Face Matching
face matching
Face matching and decision making: The influence of framing, task presentation and criterion placement
Many situations rely on the accurate identification of people with whom we are unfamiliar. For example, security at airports or in police investigations require the identification of individuals from photo-ID. Yet, the identification of unfamiliar faces is error prone, even for practitioners who routinely perform this task. Indeed, even training protocols often yield no discernible improvement. The challenge of unfamiliar face identification is often thought of as a perceptual problem; however, this assumption ignores the potential role of decision-making and its contributing factors (e.g., criterion placement). In this talk, I am going to present a series of experiments that investigate the role of decision-making in face identification.
Consistency of Face Identity Processing: Basic & Translational Research
Previous work looking at individual differences in face identity processing (FIP) has found that most commonly used lab-based performance assessments are unfortunately not sufficiently sensitive on their own for measuring performance in both the upper and lower tails of the general population simultaneously. So more recently, researchers have begun incorporating multiple testing procedures into their assessments. Still, though, the growing consensus seems to be that at the individual level, there is quite a bit of variability between test scores.

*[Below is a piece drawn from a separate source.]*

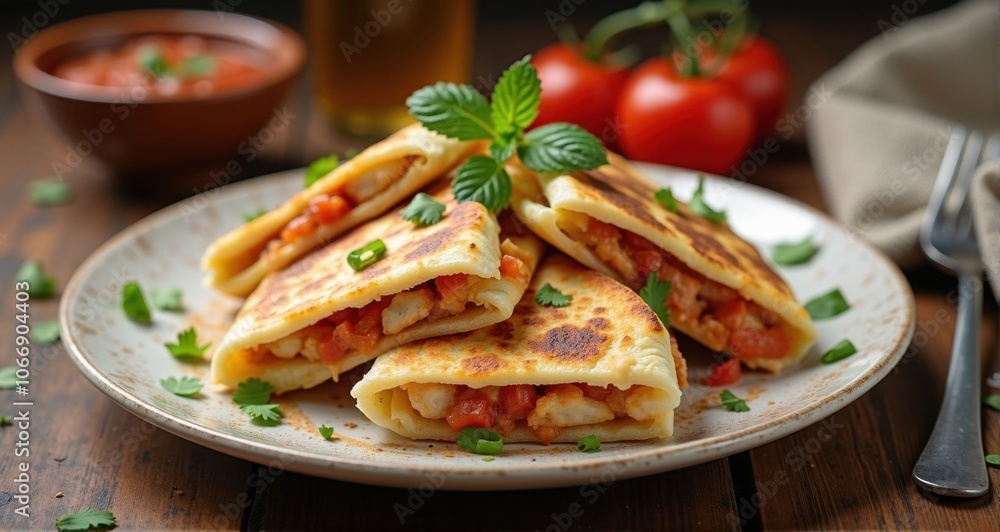 Delicious stuffed tortillas on a plate Delicious stuffed tortillas on a plate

The overall consequence of this is that extreme scores will still occur simply by chance in large enough samples. To mitigate this issue, our recent work has developed measures of intra-individual FIP consistency to refine selection of those with superior abilities (i.e. from the upper tail). For starters, we assessed consistency of face matching and recognition in neurotypical controls, and compared them to a sample of SRs. In terms of face matching, we demonstrated psychophysically that SRs show significantly greater consistency than controls in exploiting spatial frequency information than controls. Meanwhile, we showed that SRs’ recognition of faces is highly related to memorability for identities, yet effectively unrelated among controls. So overall, at the high end of the FIP spectrum, consistency can be a useful tool for revealing both qualitative and quantitative individual differences. Finally, in conjunction with collaborators from the Rheinland-Pfalz Police, we developed a pair of bespoke work samples to get bias-free measures of intraindividual consistency in current law enforcement personnel. Officers with higher composite scores on a set of 3 challenging FIP tests tended to show higher consistency, and vice versa. Overall, this suggests that not only is consistency a reasonably good marker of superior FIP abilities, but could present important practical benefits for personnel selection in many other domains of expertise.

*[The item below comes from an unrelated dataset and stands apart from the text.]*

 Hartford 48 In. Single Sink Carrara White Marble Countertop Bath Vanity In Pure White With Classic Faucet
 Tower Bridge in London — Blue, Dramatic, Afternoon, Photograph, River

Accuracy versus consistency: Investigating face and voice matching abilities
Deciding whether two different face photographs or voice samples are from the same person represent fundamental challenges within applied settings. To date, most research has focussed on average performance in these tests, failing to consider individual differences and within-person consistency in responses. In the current studies, participants completed the same face or voice matching test on two separate occasions, allowing comparison of overall accuracy across the two timepoints as well as consistency in trial-level responses. In both experiments, participants were highly consistent in their performances. In addition, we demonstrated a large association between consistency and accuracy, with the most accurate participants also tending to be the most consistent. This is an important result for applied settings in which organisational groups of super-matchers are deployed in real-world contexts. Being able to reliably identify these high performers based upon only a single test informs regarding recruitment for law enforcement agencies worldwide.

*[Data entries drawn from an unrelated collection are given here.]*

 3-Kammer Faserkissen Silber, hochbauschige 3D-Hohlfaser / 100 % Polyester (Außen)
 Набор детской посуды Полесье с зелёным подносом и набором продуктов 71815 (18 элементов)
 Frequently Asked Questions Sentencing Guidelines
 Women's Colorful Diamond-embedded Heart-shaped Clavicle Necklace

Algorithmic advances in face matching: Stability of tests in atypical groups
Face matching tests have traditionally been developed to assess human face perception in the neurotypical range, but methods that underlie their development often make it difficult for these measures to be applied in atypical populations (developmental prosopagnosics, super recognizers) due to unadjusted difficulty. We have recently presented the development of the Oxford Face Matching Test, a measure that bases individual item-difficulty on algorithmically derived similarity of presented stimuli. The measure seems useful as it can be given online or in-laboratory, has good discriminability and high test-retest reliability in the neurotypical groups. In addition, it has good validity in separating atypical groups at either of the spectrum ends. In this talk, I examine the stability of the OFMT and other traditionally used measures in atypical groups. On top of the theoretical significance of determining whether reliability of tests is equivalent in atypical population, this is an important question because of the practical concerns of retesting the same participants across different lab groups. Theoretical and practical implications for further test development and data sharing are discussed.